An insanely rich and outrageously addictive dessert!
By: Madhulika Dash
Spain claims it's theirs, Mexicans call their national celebratory dessert, and the British believe their "hedgehog pudding" inspired its invention, so which place does the Pastel de tres leches really belong to?
World War II: Nestle is expanding to Latin America, and to capture the market, the company decides to bring out labels with the tres leche recipe on it. Bringing out labels with the continent's favourite dessert was a gimmick the 1875 established Food Company had mastered in, and with an impressive rate of success.
However, even Nestle, who often claims to have popularised tres leche, couldn't quite estimate the way the dessert would grow in popularity.
While food historians (and writers) give enough credence to the iconic brand for successfully popularising tres leche across continents, when it comes to the parentage of this gooey, soft, rich, soaked-in-milk sponge cake, there has been but ambiguity surrounding this luscious dessert's birth.
"It's like a child with too many fathers," says Chef Vikas Seth of Bangalore-based Mexican restaurant Sanchos about the dessert, who believes that the present form of the dessert developed across the little bake homes in Mexico. One of the best tres leche makers in the country, Chef Seth recipe for the dessert in fact comes from the ports of Mexico, where the dessert is an autumn and winter delicacy and is served in mini bites, much like the tiramisu, topped with Meringue and maraschino cherry.
A general consensus is that tres leche came from Nicaragua, where most of the earlier iterations of the dessert we see today, can be sourced from. There are others who believe that the recipe came from the Tabasco, where the cake batter was poured into a tin of scalding milk, baked and then served on a milk bath, akin to the British 'hedgehog pudding', essentially a sponge cake doused in a bath of sherry and almonds, and served in a moat of custard.
Others believe that it came from Sinaloa in Spain, where a perforated sponge cake was dipped in a milk bath made of evaporated milk, heavy cream and sweet condensed milk. Again, a recipe that could have been inspired by colonial-era recipe for Viceroy's Cake: sherry-drenched layers of cake, custard, fruit, and meringue.

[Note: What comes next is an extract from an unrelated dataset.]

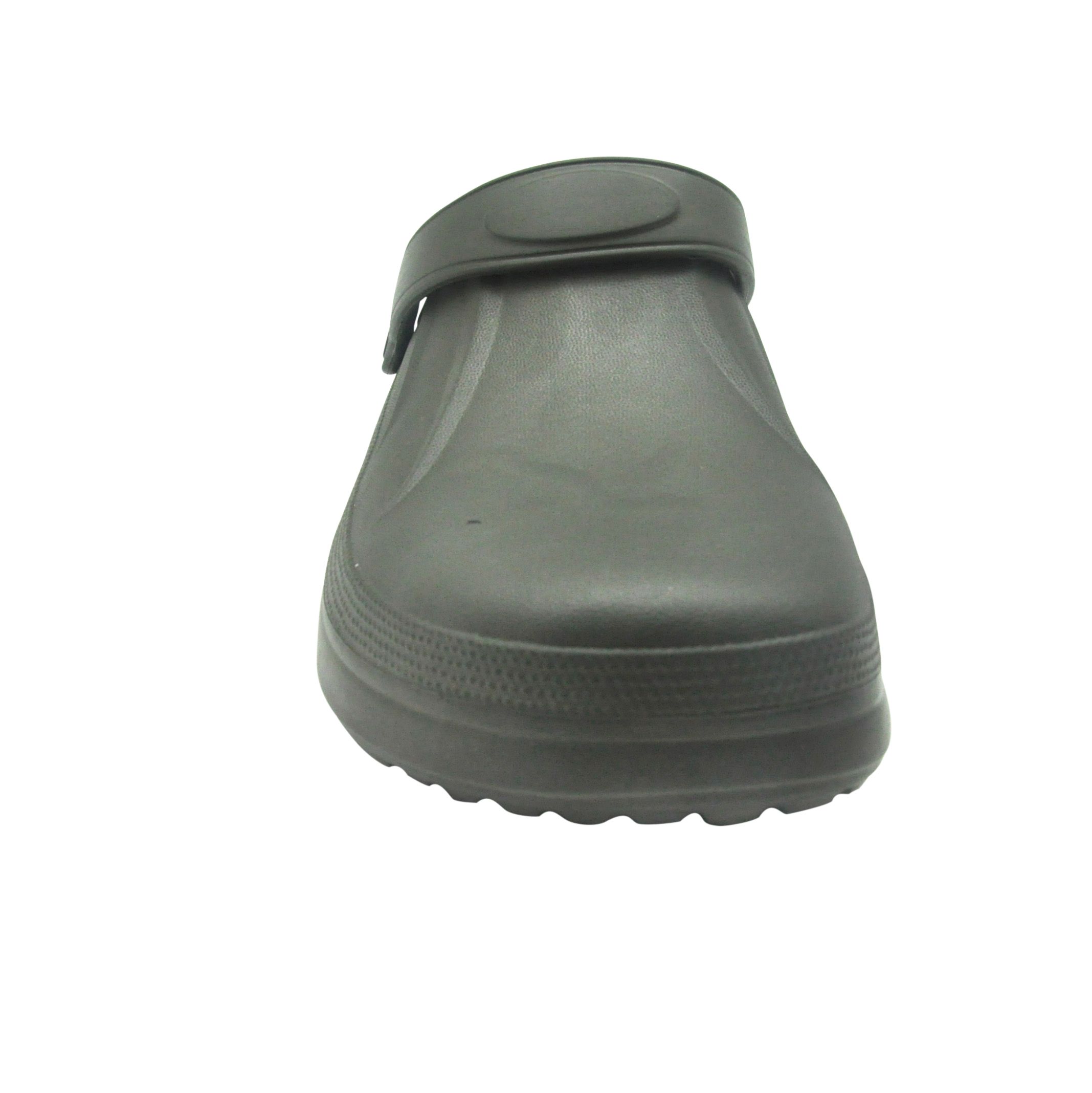 Verve Green Clogs, Size 3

Interestingly, the art of soaking breads (that's how the bread pudding and Tiramisu came) was much prevalent in colonial Europe since the beginning of the 18th century. In fact, the traditional sopa dorada (golden soup), a Portuguese recipe that many believe inspired other cake soaked desserts, finds mention in the 18th-century British cookbook.
Essentially, a dessert made from toasted bread (and later cake) soaked in sugar, white wine, egg yolk and rose water, it eventually led to yet another classic called the bread pudding.

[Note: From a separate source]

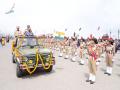 Himachal celebrates I-Day solemnly amid calamity - Hindi News | Himachal celebrates I-Day solemnly amid calamity | Latest politics News at Lokmattimes.com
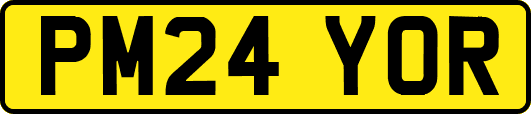 PM24YOR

So while it may have happened that some confectioner got inspired and created the tres leche through experiments, it remained a rather expensive affair mostly seen in weddings and celebratory parties.
What was the reason? While it was extremely light and fluffy, the sponge and the milk bath proportion play an important role in making this sugar crumb, which has a very short self-life.

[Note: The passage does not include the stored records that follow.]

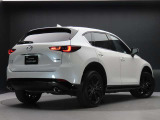 CX-5 2.2 XD スポーツアピアランス 4WD 
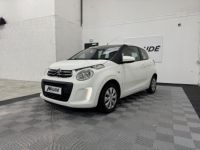 Citroen C1 1.0 68 CH FEEL - <small></small> 6.490 € <small>TTC</small> - #3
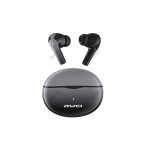 Awei T62 True Wireless Earbuds – Bluetooth 5.3 TWS with 4-Mic ENC Noise Cancelling, 10mm Drivers, IPX5 Waterproof & 300mAh Case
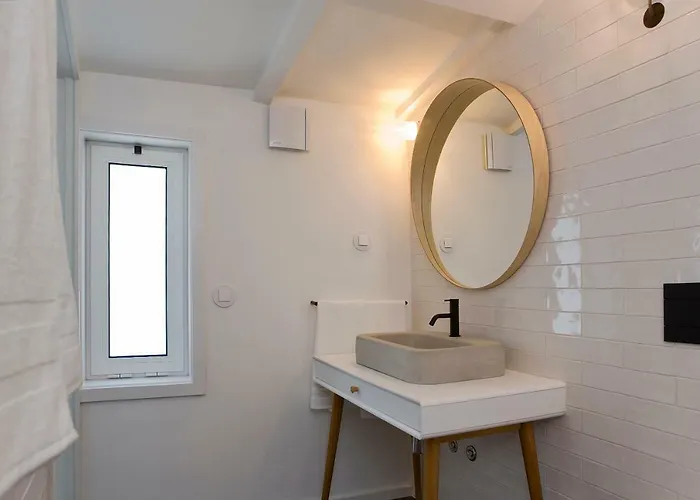 Avenue Attic - Solar Da Avenida Porto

After baking, the cake needs to rest and then immediately be chilled, a temperature that has to be maintained throughout so none of the milk forms changes nature. This makes it an extremely tricky dessert to handle, and hence the tres leche was often seen as a spa dessert that often moved in high society circle.
The dessert of course was first noticed when it reached Texas in the early 19th century, and with Nestle condensed milk became one of the popular desserts. Of course by then the tres leche had changed the appearance from a naked sponge cake that was served with whipped cream and cherry, the innovative dessert now had a Snow White appearance where the cake was dressed in whipped cream, set atop a milk sauce with an extra serving of sweet condensed milk or chocolate with cherry or glazed strawberries on the side. The mark of a good cake today, according to Chef Seth is that it will maintain the distinct texture of a soft, moist cake in spite of it being soaked in a mixture of three types of milk, overnight
And though it is true that the origin of this popular dessert is still not clear, there is little doubt that the three milk wonder is a descendant of a long and respectable tradition of desserts that routes through Colonial Mexican history to Medieval Europe.